Objectives: The aim of this work is to establish a mathematical model of allosteric modulation of CB1 and explore currently observed phenomenon, and predict future experimental responses.
Methods: Data were available from experiments of receptor binding, cAMP and internalization associated with CP in the presence and absence of ORG. A 6-state model was proposed, including unbound receptor, CP-receptor complex, ORG-receptor complex, CP-receptor-ORG complex, and two proposed inactive states of CP-ORG receptor complex and ORG-receptor complex. This full model was reduced through quasi-equilibrium state assumptions and model lumping and the model parameters were estimated using NONMEM. New experimental data were predicted by simulating from this reduced model with global sensitivity confidence bands around the predictions (based on the standard error matrix of parameter estimates). The reduced model was then applied to explore delayed onset effects of ORG in a cAMP experiment and propose possible experiments to test underlying model assumptions.

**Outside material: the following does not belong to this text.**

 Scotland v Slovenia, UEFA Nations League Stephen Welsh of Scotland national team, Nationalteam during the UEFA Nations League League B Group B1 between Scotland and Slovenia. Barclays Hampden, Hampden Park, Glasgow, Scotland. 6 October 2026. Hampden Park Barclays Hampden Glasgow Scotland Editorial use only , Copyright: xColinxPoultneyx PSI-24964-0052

Results: The 6-state mathematical model of allosteric modulation provided a good fit to the CP, ORG and CP & ORG data from binding, internalisation and cAMP signaling experiments. The model was reduced from 6 states with 24 parameters to 5 states with 16 parameters. The performance of the reduced model was equivalent to the full model and the reduced model performed well for estimation and described the existing data well. Predictions using global sensitivity confidence bands predicted by the reduced model well described new (external) data. When used to quantify the delayed onset of the action of ORG, the model indicated that the CB1-CP complex dominates inhibition of cAMP in first few minutes due to receptor reserve (this means achieving the maximal effect at a concentration of CP that does not bind all of the receptors), which causes a delay in ORG activity. The reduced model has now been used to predict future experimental outcomes for validation of the above proposed mechanism – this work is ongoing.
Conclusion: A mathematical model for CB1 allosteric modulation was developed and reduced. The reduced model performed well for predicting external data. New mechanisms were proposed that underpin the notable delayed onset of activity of ORG.